Amazingly, most of the five-out-of-five star reviews of the GE were from people who were replacing their greatly-hated HE machines. When a friend of ours heard that we'd gone back to an agitator, he envied us. "I wish ours (an HE) would break down. I hate it. Nothing ever gets really clean."

Tonight, five days of laundry have been done since the installation of the machine at noon (and that's with time off to sit in the mister for a couple hours.) OMG, every batch smells so good! The basket holds more than the HE did, and I am able to adjust the water level to the size of the loads. The spin cycle drives out MUCH more water than the HE, which reduces drying time.  (Hmm, that's less energy use, isn't it?)

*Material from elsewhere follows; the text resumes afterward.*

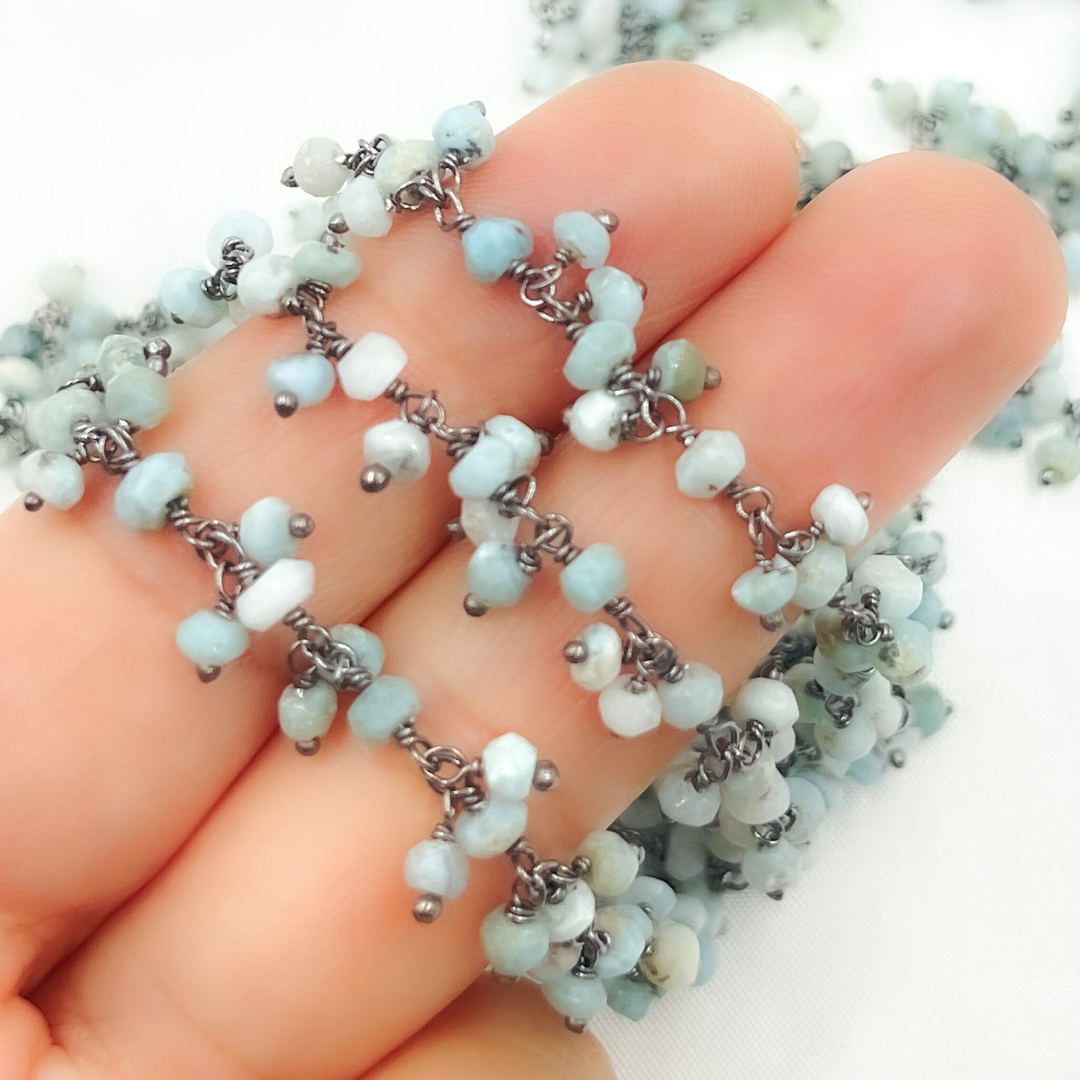 Larimar Cluster Dangle Oxidized Wire Chain. LAR7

Now I have heard that the top-loader HE machines work much better, but they're fairly pricey, and I'm not willing to take that chance. I do know that the GE agitator model I bought is selling like hotcakes, and serendipitously, Home Depot had a sale on, so I was able to get the machine I wanted for less than I was willing to pay, and got a 4-year warranty for the price of a 2-year plan.

When the delivery man asked me if I wanted him to haul away the Bosch, I said, "I want you to take it out and shoot it somewhere."

I'm a happy little laundress tonight.



Wednesday, August 01, 2012

Surfing Time's Curl

In the evening sunlight, this year's red dragonfly perches on a bamboo stick over my Goliath tomato.

He doesn't worry about how many days he has left -- by the time winter gets here, he'll be toes up in some shrub, his life drifted away in some shallow respirations at the end of his mating season. He doesn't care. He lives, eats, flies, mates, eats, flies, lands on his stick to survey his kingdom. That's good enough for him.

I know that I don't have all that many years left (or days, truth be told) and I want to get to that dragonfly's mentality.

I don't want to worry about the future; that leads to broken sleep and miserable nights.

And in the time that remains, while the wave is still sweet and strong and carries me and my board to exhilarating speeds, I want to live, write, eat, write some more, play with the Press, and hold my newest grand-daughter. Then write some more.

Yet I see the ceiling of water hovering over me, and fret.

Lord, make for me a dragonfly heart.